BRIEF. The records below must be reproduced exactly. Strip out the pictures.

=== Section Start ===

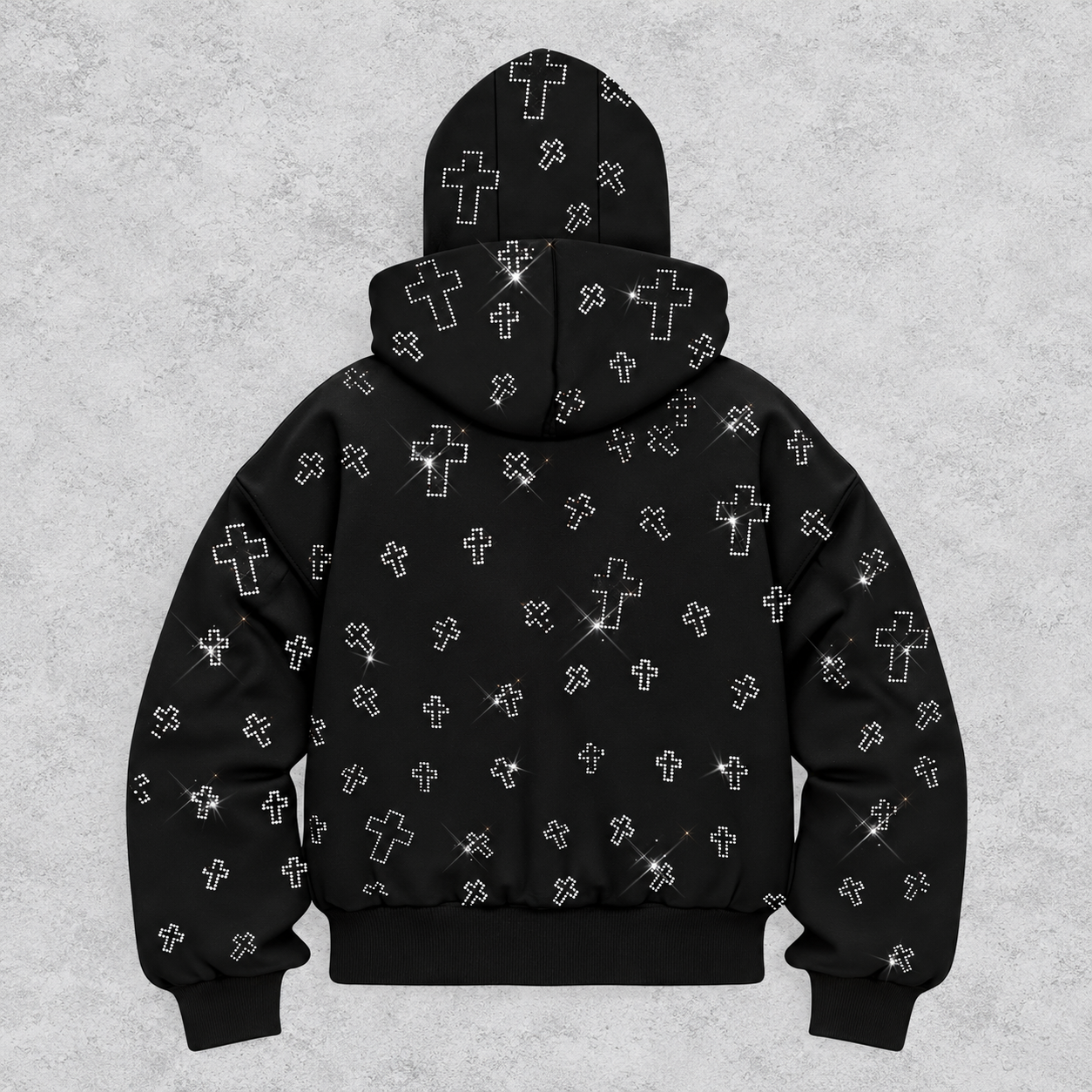 Graphic Rhinestone Zip Up Hooded Sweatshirt With Pockets For Men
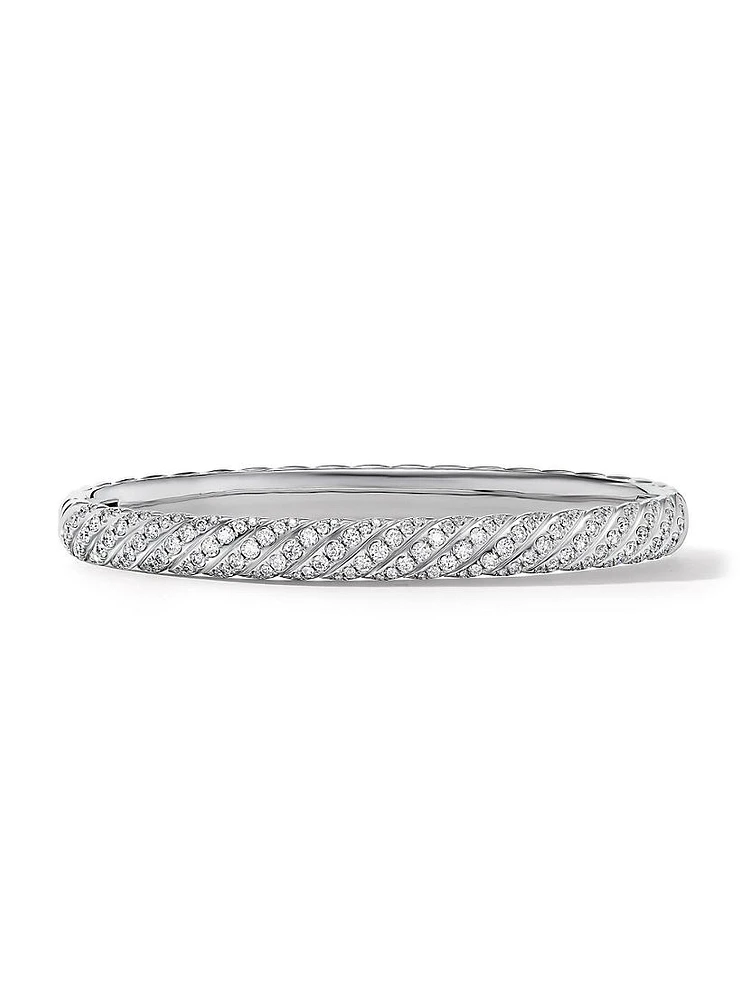 Sculpted Cable Bangle Bracelet 18K White Gold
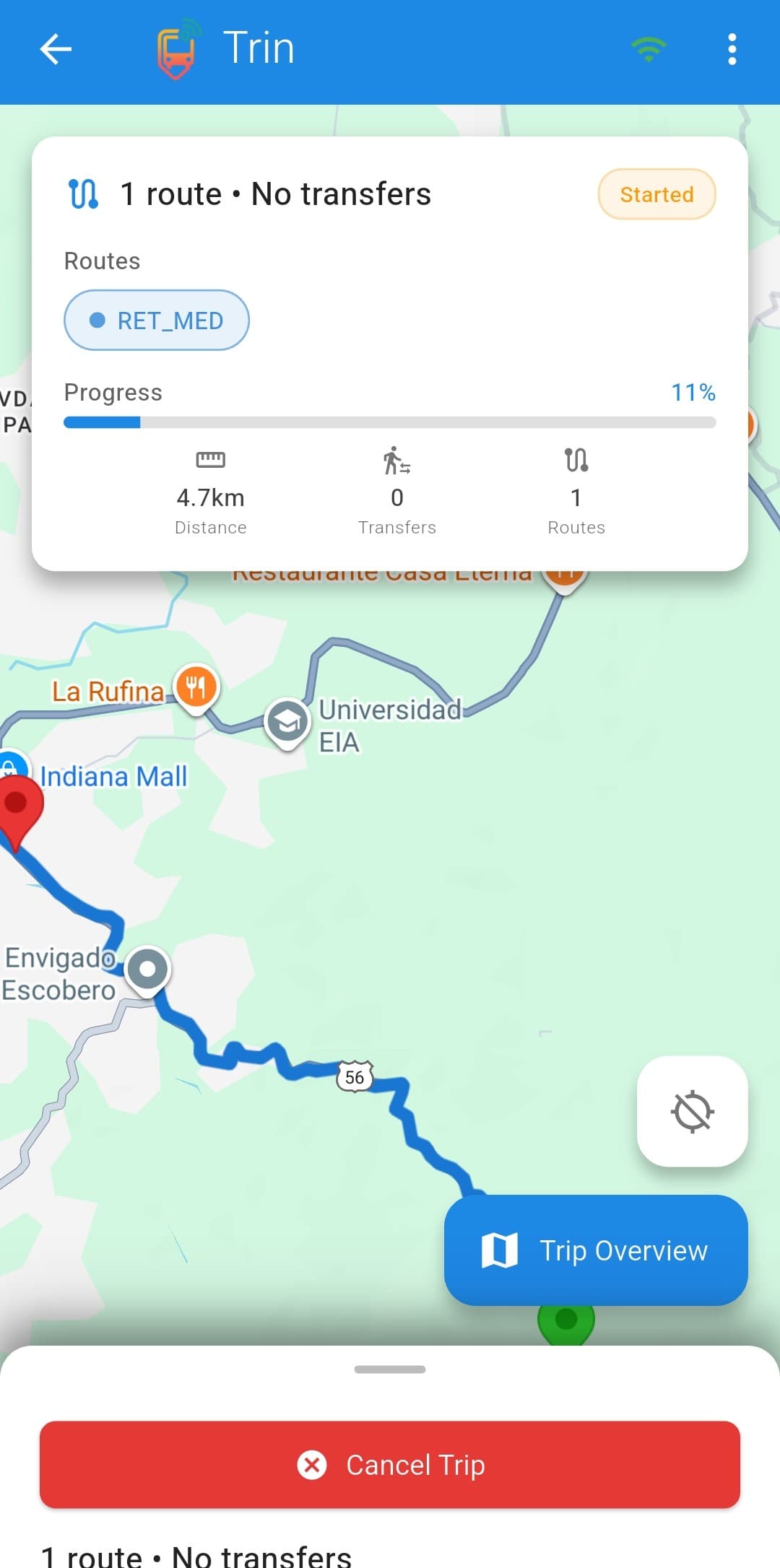 Trin App - Trip Progress Screen
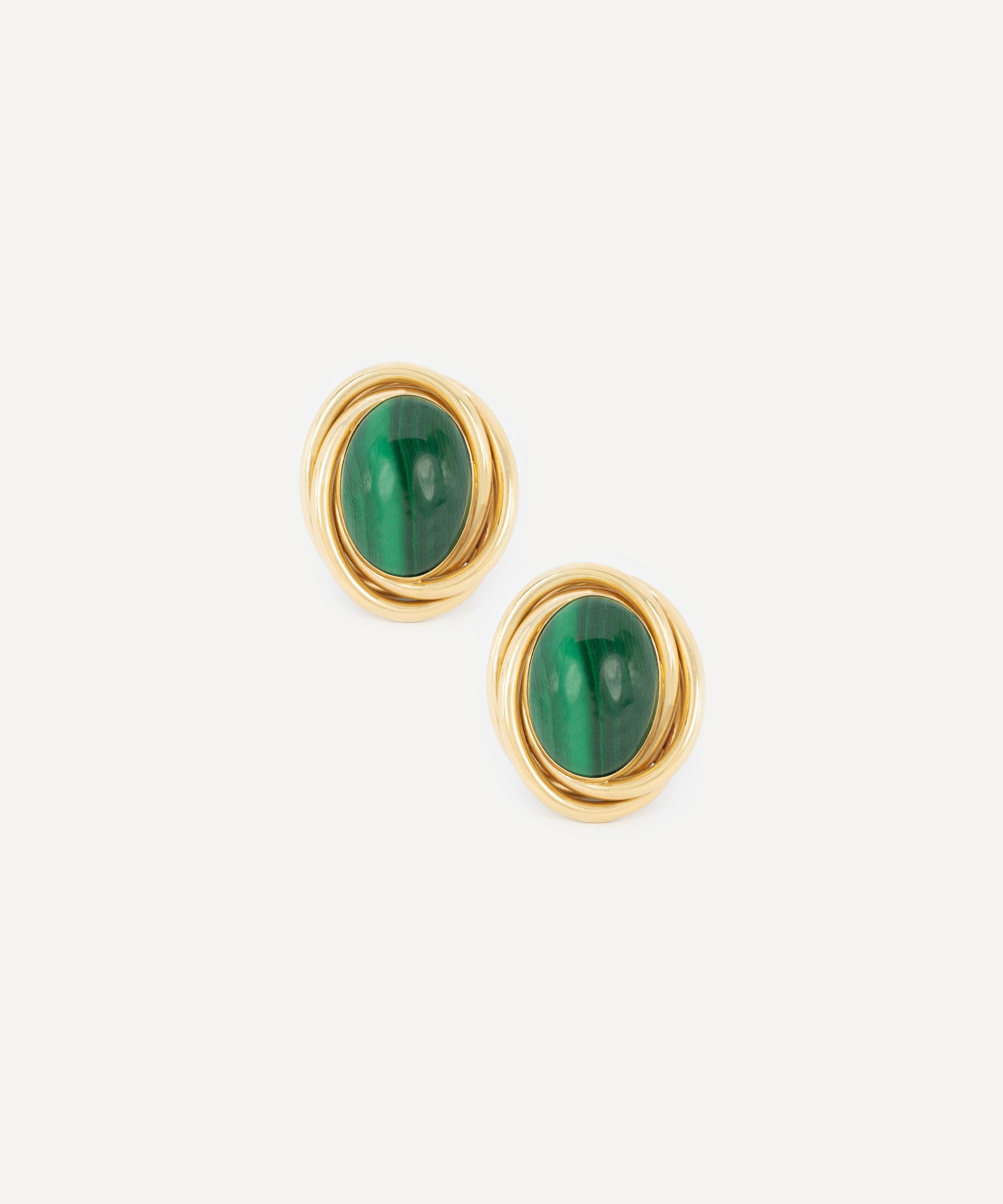 Kojis - 14ct Gold Vintage Malachite Stud Earrings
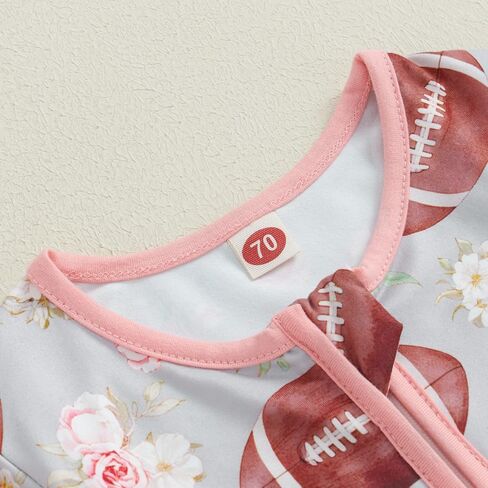 Ayalinggo baby girl football outfit long sleeve floral romper zipped jumpsuit newborn infant game day fall clothes in Saudi Arabia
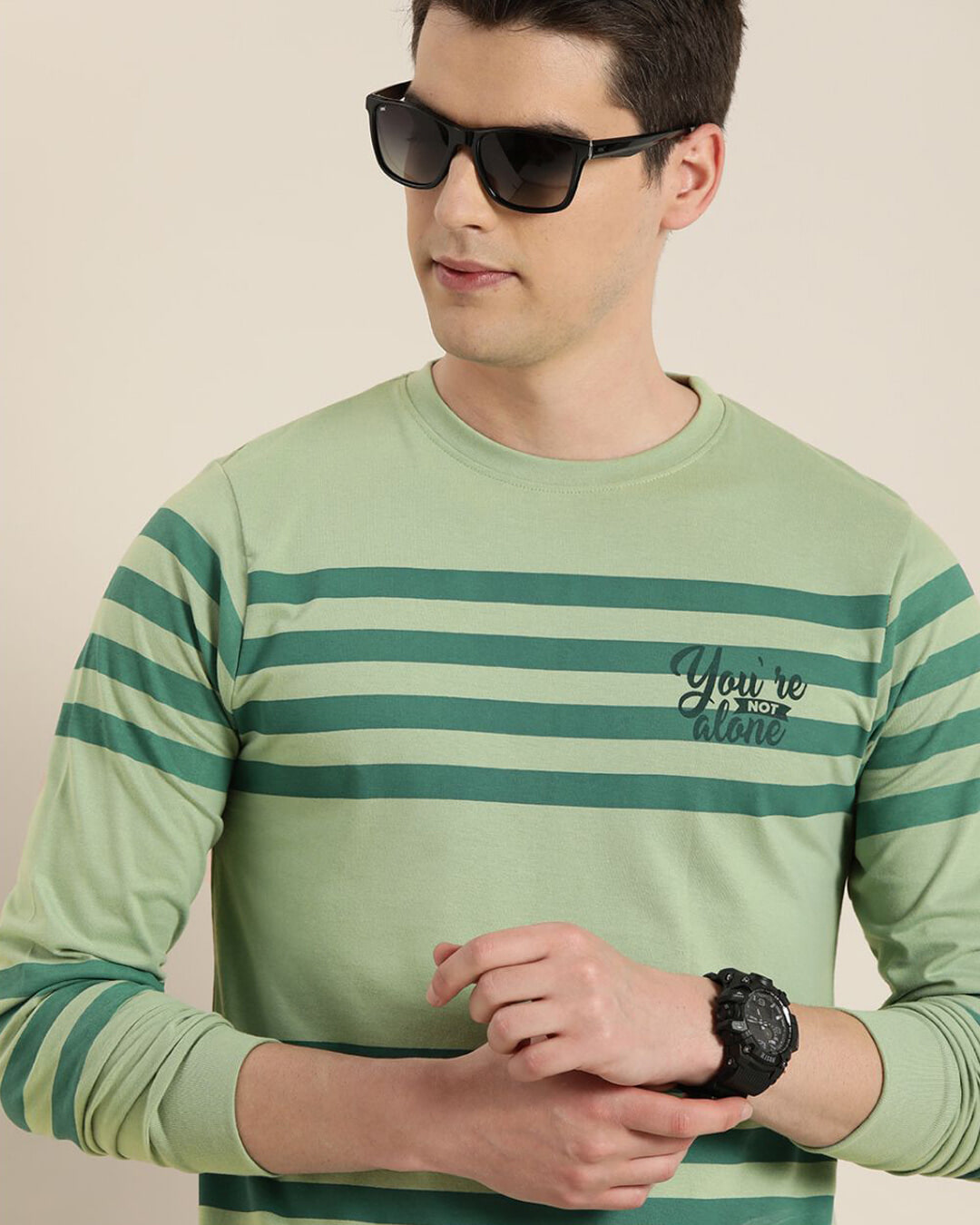 Buy Men's Green Striped Tshirt Online at Bewakoof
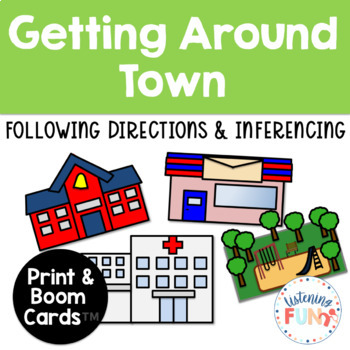 Preview of Getting Around Town Listening Activity Print & Boom Cards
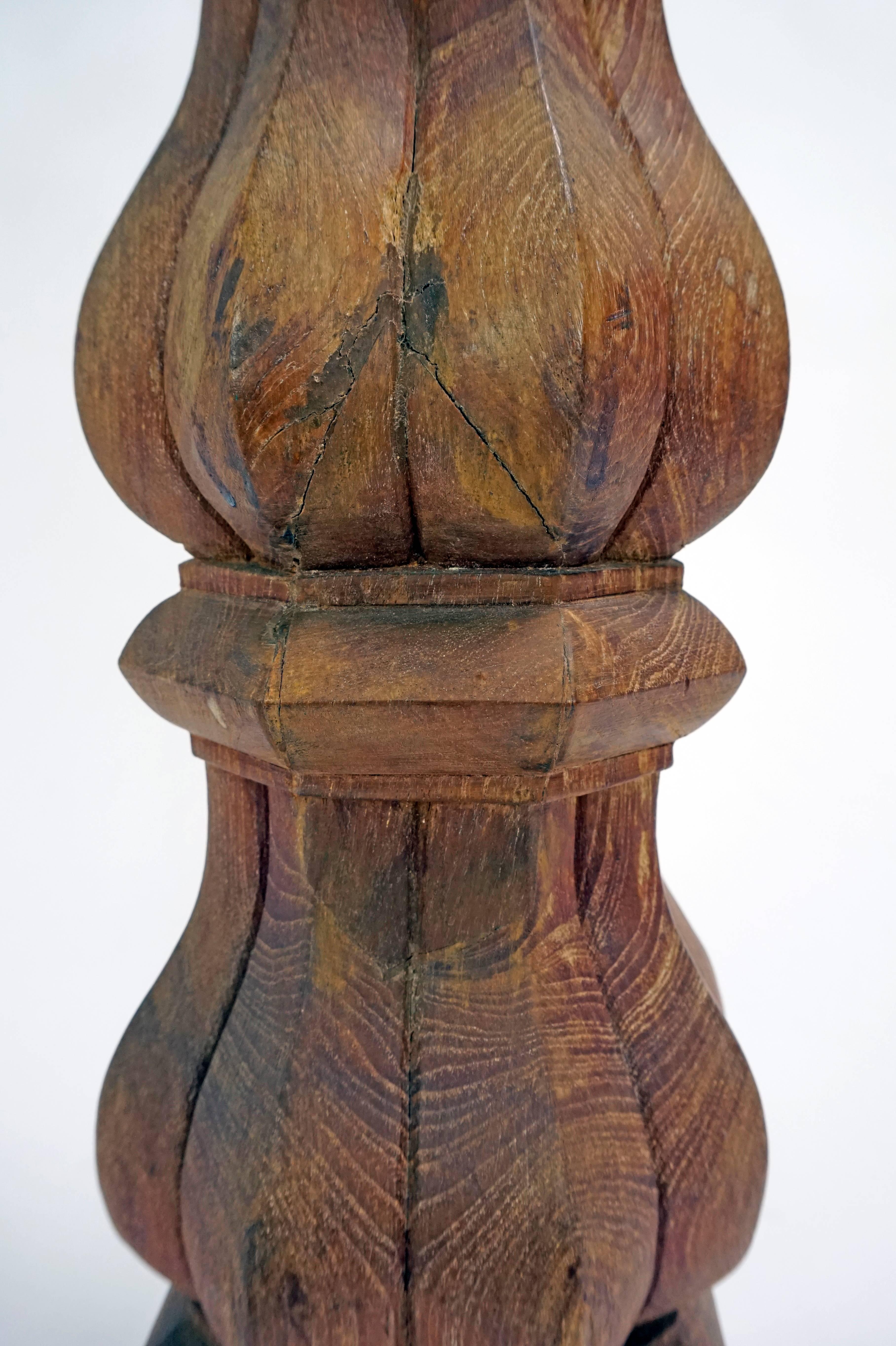 Hand-Carved Tall Hand Carved Balustrade Redwood Lamp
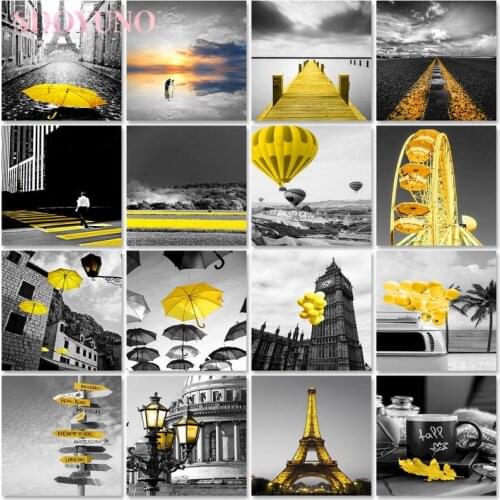 SDOYUNO 60x75cm Diy Painting By Numbers Kits For Adults Landscape Paint By Numbers Umbrella Modern Wall Art For Home Frame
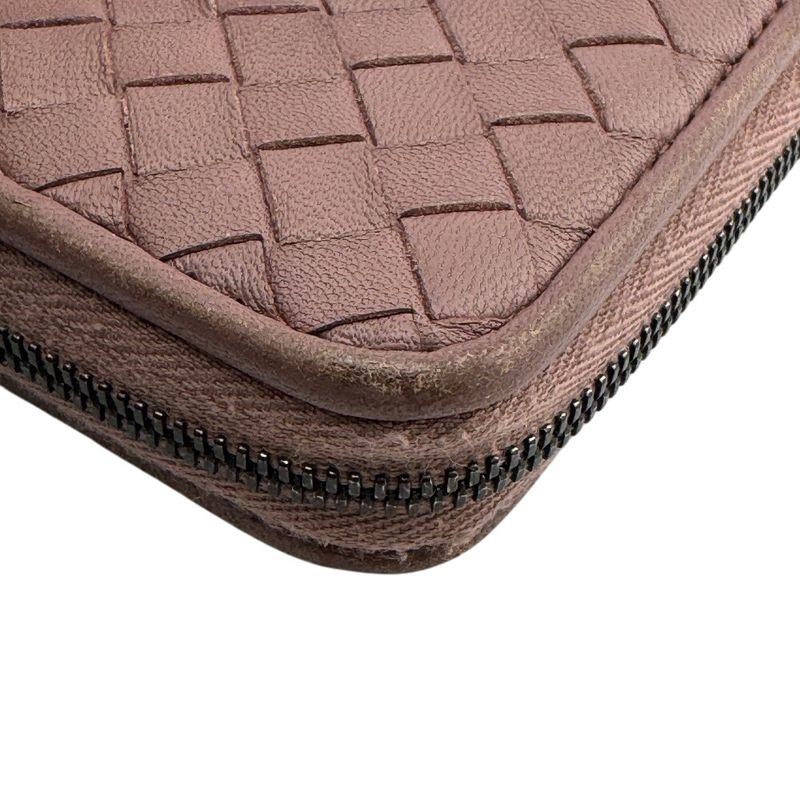 Bottega Veneta Round Zip Wallet Intrecciato Long Wallet Branded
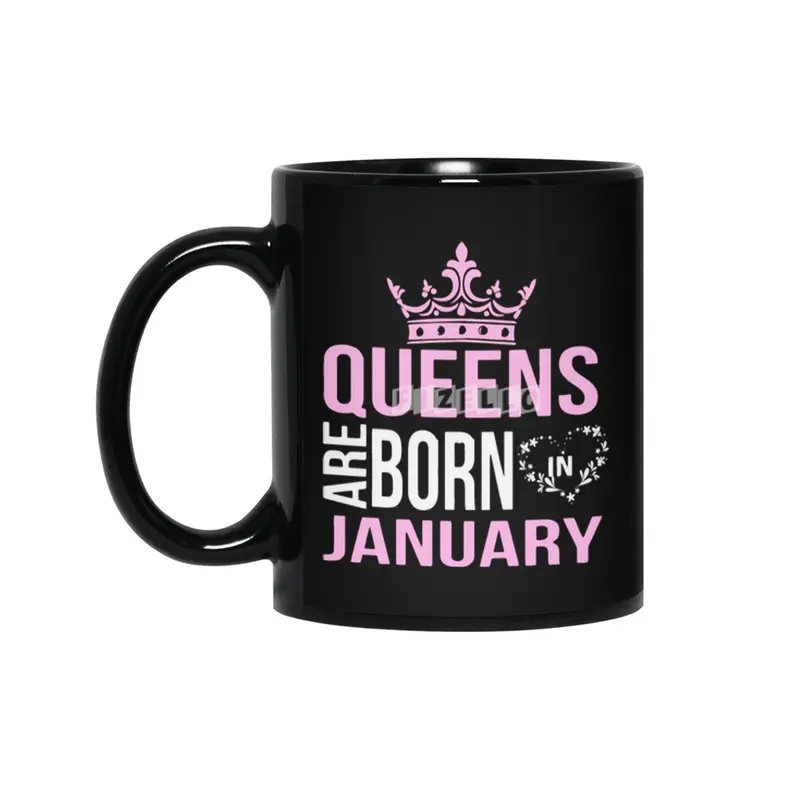 Queens are born in January T-shirt Siyah Kupa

=== Section End ===

PROBLEM SOLUTION.
 Graphic Rhinestone Zip Up Hooded Sweatshirt With Pockets For Men
 Sculpted Cable Bangle Bracelet 18K White Gold
 Trin App - Trip Progress Screen
 Kojis - 14ct Gold Vintage Malachite Stud Earrings
 Ayalinggo baby girl football outfit long sleeve floral romper zipped jumpsuit newborn infant game day fall clothes in Saudi Arabia
 Buy Men's Green Striped Tshirt Online at Bewakoof
 Preview of Getting Around Town Listening Activity Print & Boom Cards
 Hand-Carved Tall Hand Carved Balustrade Redwood Lamp
 SDOYUNO 60x75cm Diy Painting By Numbers Kits For Adults Landscape Paint By Numbers Umbrella Modern Wall Art For Home Frame
 Bottega Veneta Round Zip Wallet Intrecciato Long Wallet Branded
 Queens are born in January T-shirt Siyah Kupa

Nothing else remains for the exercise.